Containers, microservices, and service meshes

jpetazzo.github.io

273 points by aberoham 6 years ago

stevenacreman 6 years ago

I keep a Google sheet updated with feature differences between LinkerD, LinkerD2, Consul Connect and Istio.

https://docs.google.com/spreadsheets/d/1OBaKrwR030G39i0n_47i...

From my own experience I've had some great success with LinkerD in the past on Mesos DC/OS.

Since moving companies, and switching to Kubernetes, we've yet to deploy any service mesh into production.

The blog from Jerome highlights many of the benefits already.

From my perspective the bigs ones in the past were:

    - Tracing (with Zipkin)
    - Retries which removed or fixed dodgy app reconnect logic
    - Time series metrics in LinkerDViz showing realtime rates and latency and errors between services

The reason we haven't used any service mesh at my current company is mostly based on stability concerns.

Istio gets all of the cool press attention and blogs written about it.
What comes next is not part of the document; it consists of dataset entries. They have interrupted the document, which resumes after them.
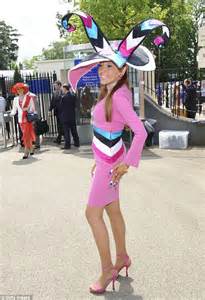 Royal Ascot 2013 Style Guide And Video Suggest Clothes For Strict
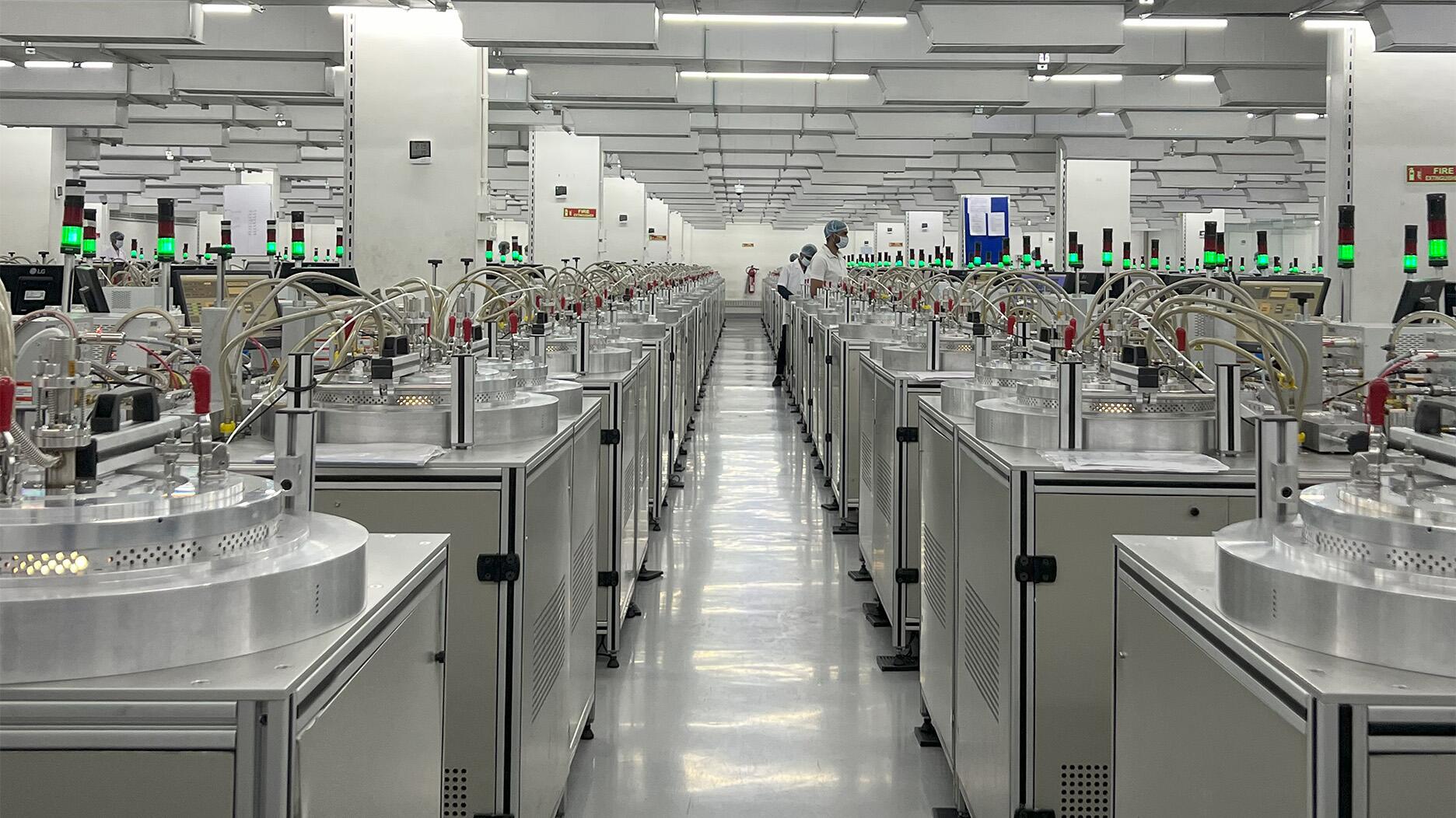 Kira Jewels étend la production de diamants cultivés en laboratoire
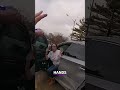 Police PIT Maneuver Ends High-Speed Chase: Suspect Arrested! #shorts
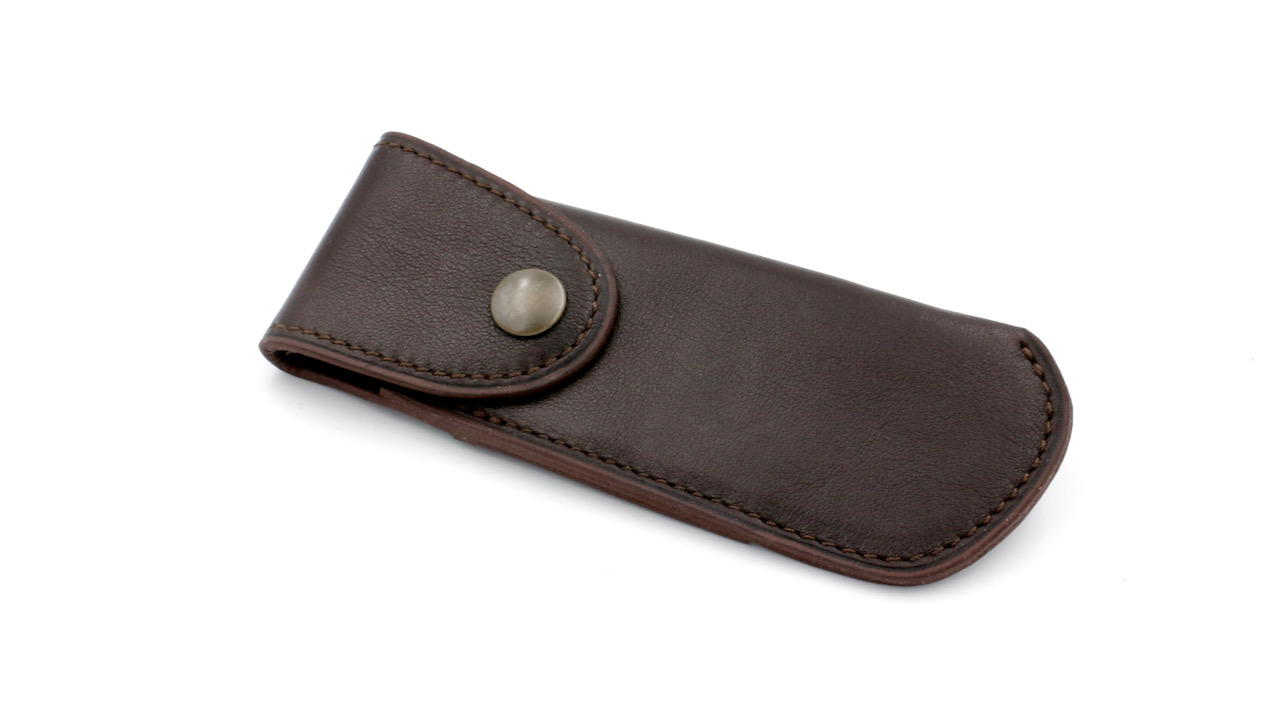 MANU LAPLACE 1515 calf leather sheat leather 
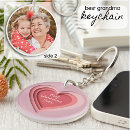 Search for grandchild key rings Keepsake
Yet, you also read a lot of warnings about it always being 6 months away from being really robust. Even at version 1 we read some horror stories about obscure bugs showing up in fairly standard use cases.

Connectivity between services is too scary to gamble on. It's a similar deal with CNI (we're still on Calico despite arguably cooler stuff being out there) and Ingresses (still on ingress-nginx).

AWS have a service mesh that is probably going to be the one we trial next at work.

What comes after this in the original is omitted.